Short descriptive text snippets
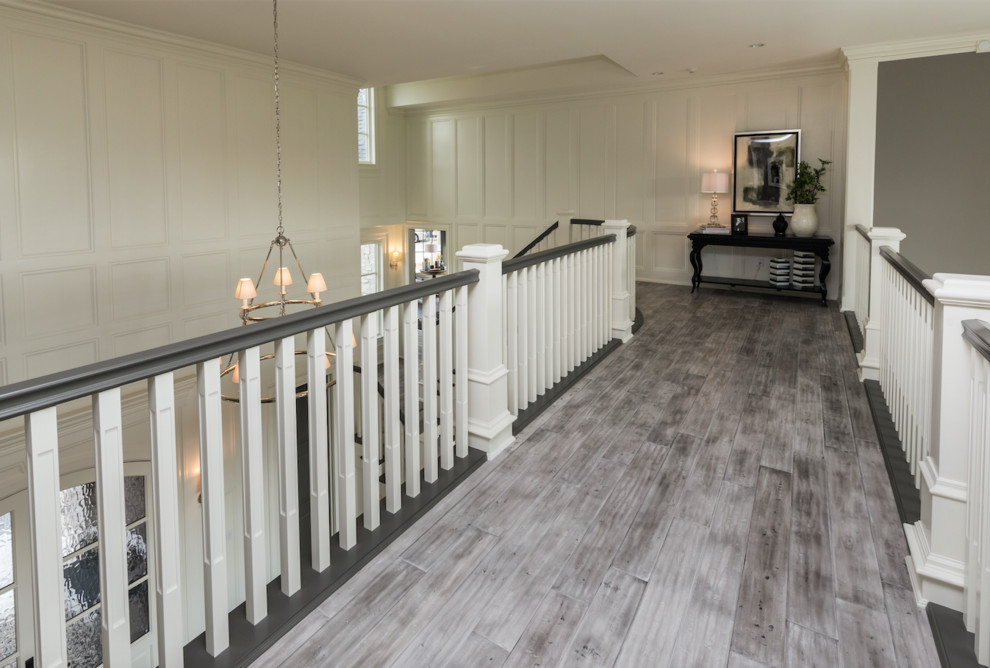 Источник вдохновения для домашнего уюта: коридор среднего размера в стиле неоклассика (современная классика) с серыми стенами и деревянным полом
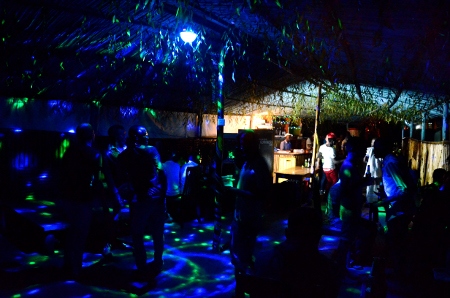 Varje söndag är det fest för "Kuchus" på en restaurang i Kampala. Ordet Kuchu betyder homosexuell och användes från början som ett kodord som bara människor inom gayvärlden förstod.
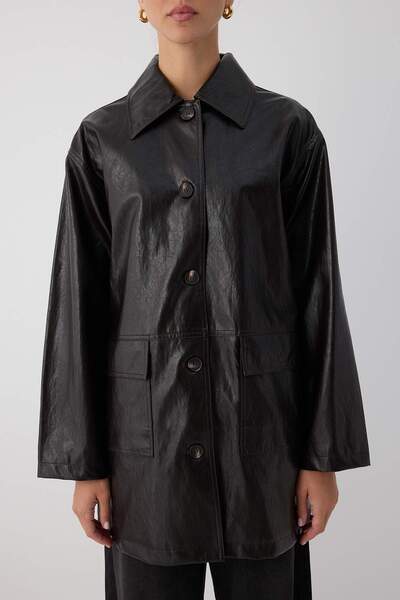 Trendyol Collection Elemente esențiale pentru garderoba Trench oversize din piele artificială maro închis TWOAW26TR00009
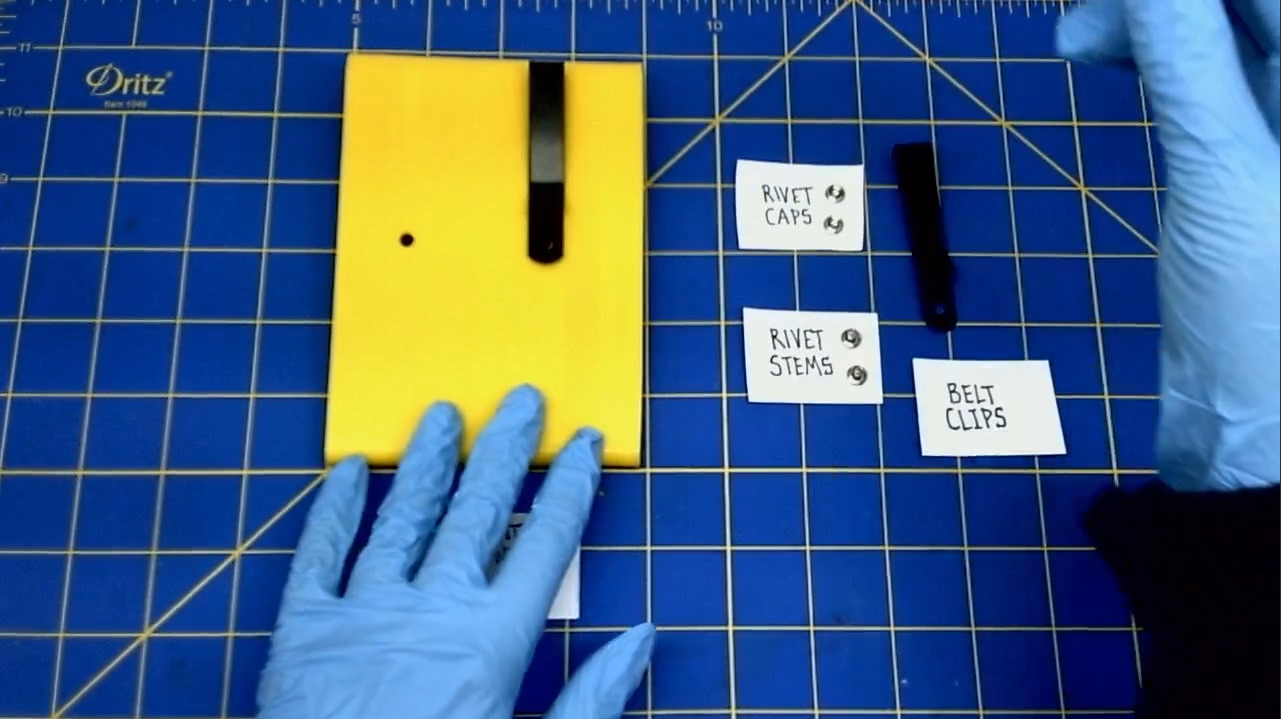 Place Belt Clip on to Knee Board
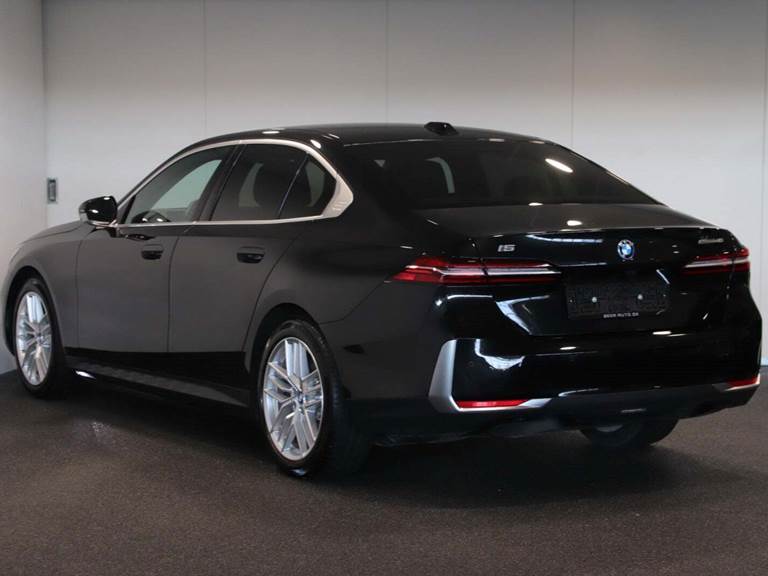 BMW i5 eDrive40 Sport Line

◆ What you will do
Leave the pictures out and reproduce every record above exactly.

◆ Exercise answer
 Источник вдохновения для домашнего уюта: коридор среднего размера в стиле неоклассика (современная классика) с серыми стенами и деревянным полом
 Varje söndag är det fest för "Kuchus" på en restaurang i Kampala. Ordet Kuchu betyder homosexuell och användes från början som ett kodord som bara människor inom gayvärlden förstod.
 Trendyol Collection Elemente esențiale pentru garderoba Trench oversize din piele artificială maro închis TWOAW26TR00009
 Place Belt Clip on to Knee Board
 BMW i5 eDrive40 Sport Line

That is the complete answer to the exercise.